ENFAL 25 |
وَاتَّقُواْ
فِتْنَةً
لاَّ
تُصِيبَنَّ
الَّذِينَ
ظَلَمُواْ مِنكُمْ
خَآصَّةً
وَاعْلَمُواْ
أَنَّ اللّهَ
شَدِيدُ
الْعِقَابِ |
25. Bir de içinizden
yalnızca zulmedenlere erişmekle kalmayan bir fitneden sakının. Hem bilin ki
Allah, şüphesiz azabı çetin olandır.
Bu buyruğa dair
açıklamalarımızı iki başlık halinde sunacağız:
1- Kötülüklere Karşı Tepki
Göstermemenin Cezası:
2- Münkerin işlenmesi Dolayısıyla Azap
Kimlere isabet Eder:
1- Kötülüklere Karşı
Tepki Göstermemenin Cezası:
İbn Abbas der ki: Yüce
Allah mü'minlere, aralarında münkerin yayılmasını kabul etmemelerini
emretmekte, aksi takdirde azabın onların tamamını kuşatacağını bildirmektedir.

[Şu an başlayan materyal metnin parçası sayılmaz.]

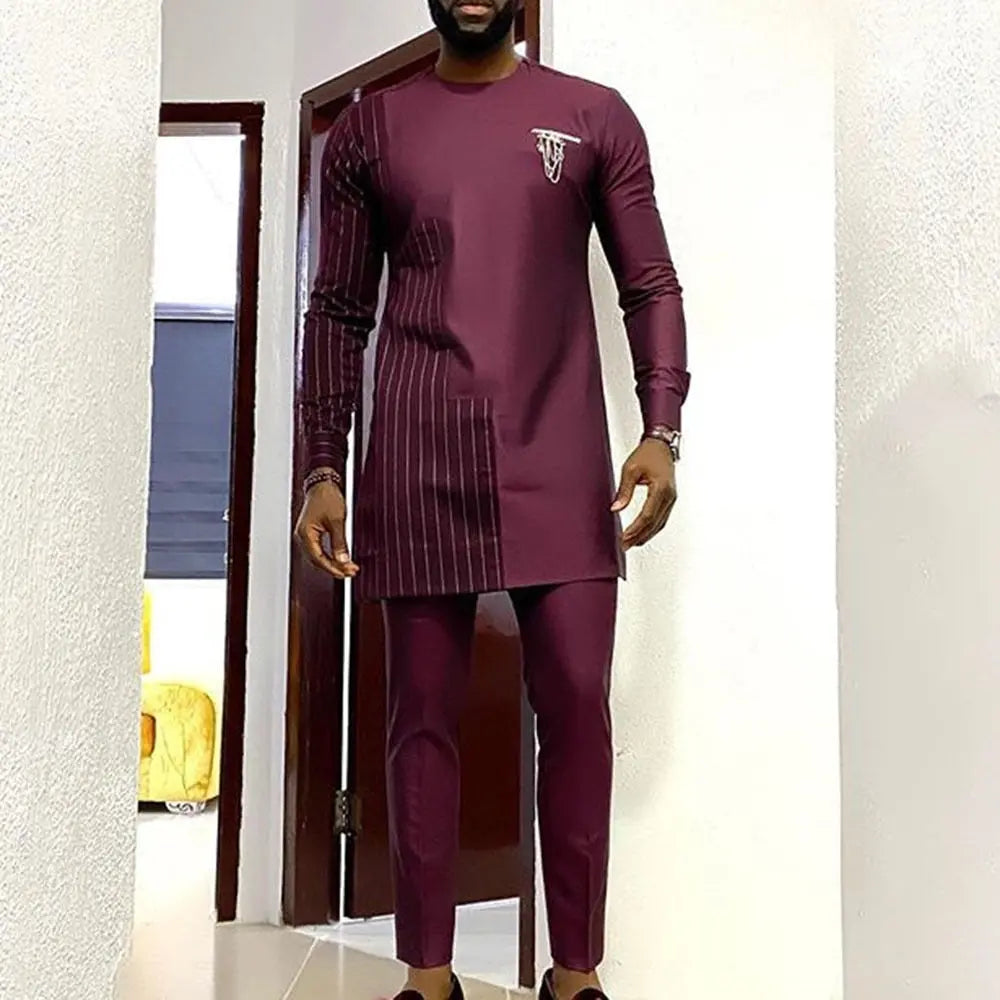 https://cdn.shopify.com/s/files/1/0879/0949/9227/files/Traditionele_Dashiki_Heren_Set_Luxe_Tweedelige_Outfit_T-E3.jpg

ez-Zübeyr İbnü'I-Avvam da bu buyruğu böylece te'vil etmiştir. Çünkü o, Cemel
olayı günü -otuz altı yılında cereyan etmişti- şöyle demişti: Ben, bu ayet-i
kerime ile bizlerin kastedilmiş olduğunu ancak bugün öğrenmiş oldum. Ve ben, bu
ayet-i kerimenin yalnızca o dönemde muhatap alınan kimseler hakkında olduğunu
zannediyordum. Hasan-ı Basri, es-Süddi ve başkaları da ayeti böylece te'vil
etmişlerdir. es-Süddi der ki: Bu ayet-i kerime özel olarak Bedir'e katılanlar
hakkında nazil olmuştur. Cemel vakası günü fitne onlara isabet etti ve
birbirleriyle çarpıştılar.
İbn Abbas (r.a) da der
ki: Bu ayet-i kerime Resulullah (s.a.v.)'ın ashabı hakkında nazil olmuştur. İbn
Abbas devamla der ki: Yüce Allah mü'minlere kendi aralarında münkerin
yaşamasını kabul etmemelerini emretmektedir. O takdirde Allah onların hepsini
kuşatacak bir azap gönderir.
Huzeyfe b. el-Yeman'dan
da şöyle dediği nakledilmektedir: Resulullah (s.a.v.) buyurdu ki:
"Ashabımdan bir gurup arasında fitne başgösterecektir. Allah, bana olan
sohbetleri sayesinde bunu kendilerine bağışlayacaktır. Fakat onlardan sonra bu
hususta bazı kimseler onların izinden gideceklerdir, Allah ise bu sebepten
dolayı onları ateşe koyacaktır."
Derim ki: Sahih
hadislerin desteklemiş olduğu teviller işte bunlardır. Müslim'in Sahih'inde
Zeynep bint Cahş'dan gelen rivayete göre Resulullah (s.a.v.)'e şöyle sormuş: Ey
Allah'ın Resulü, salih kimseler aramızda bulunduğu halde helak edilir miyiz?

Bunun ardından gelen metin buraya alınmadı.